Installing High Availability Rstudio connect and R package manager

Hello,
Our company uses single R studio connect environment setup. We are now in the process of setting up a high availability environment with 2 node. But we had below queries on the same.

  1. Is there any step by step documentation available as installation guide.
  2. Do we need to install R Studio Pro , R Studio Connect and R Package Manager separately or do they come as a bundle.
  3. Do we require to install internal load balancers for each of them or can we use AWS ALB's.
  4. How do we enable sticky sessions to route user sessions properly.
  5. Is separate PostgreSQL DB required for the HA setup and do we need to setup backup options with the help of DBA.

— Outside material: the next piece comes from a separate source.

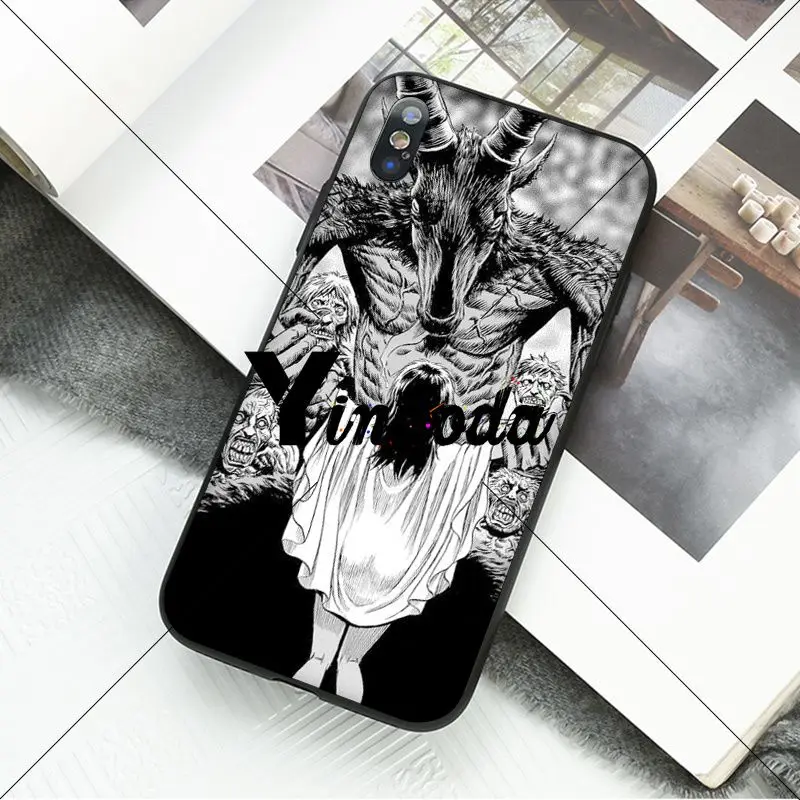 Yinuoda Junji Ito Tees Horror Мягкий силиконовый чехол для телефона из ТПУ iPhone X XS MAX 6 6S 7 7plus 8 8Plus
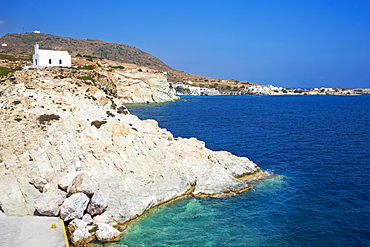 The Chora, Kimolos, Cyclades Islands, Greek Islands, Aegean Sea, Greece, Europe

Any inputs on the same is appreciated!

You can find the checklist for HA on Connect in the admin guide at https://docs.rstudio.com/connect/admin/load-balancing/#high-availability-load-balancing

Our best practise recommendation is to run each product on it's own server. This ensures that you can easily scale the server for the load that is being placed on it by that single product. For this reason the downloads and installers are separate, and not bundled. See https://docs.rstudio.com/installation/ .

For RStudio Connect as well as Package Manager you must provide your own load balancer (with sticky session support). AWS ALB should work fine, but your own team should evaluate and configure this. Unfortunately RStudio can't provide guidance for configuration of ALB.

Both of these products require a PostGres instance, that your DBA should provide and maintain (including backup, HA, etc). However, the creation of tables on these instances is managed by the RStudio products, so your DBAs will not have to create tables or schemas. See https://docs.rstudio.com/connect/admin/database/postgres/ and https://docs.rstudio.com/rspm/admin/database/#database-postgres

Hi Andrie,
Thanks for the valuable inputs, so that means I have to maintain separate load balancer for Rstudio Connect and R package manager and both of these products needs only a single POSTGRESQL instance to work with. Hope I have got it right.

Let me evaluate this and get back to you in case I have any new queries.

Hi Team,

We have set up a sandbox environment for Rstudio connect which is highly available but have questions in configuring the Shared Data Directory. R studio connect documentation states they have a default shared location which is /var/lib/rstudio-connect. Now if I customize it to /mnt/rstudio-connect should I be moving whatever is present in default location to the new one and since we have setup a postgresql as part of high availability do we need to do the below as well.
[Server]
DataDir = /mnt/rstudio-connect

[Database]
Dir = /var/lib/rstudio-connect/db

Please guide us on the steps.

Hi
Andrie,
Does the "sticky session" support on an external load balancer also apply to RStudio Server Pro in a load balanced setup?
Thank you,
Laura

You can find the load balancer requirements for RStudio Server Pro at https://docs.rstudio.com/ide/server-pro/load-balancing.html#load-balancing

Note that load balancing for RStudio Server has some particular “stickiness” requirements stemming from the fact that users must always return to the same R session where their work resides (i.e. their traffic can’t be handled by more than one node). As a result, it’s not enough to simply place multiple RStudio Servers behind a conventional hardware or software load balancer—additional intelligence and routing is required.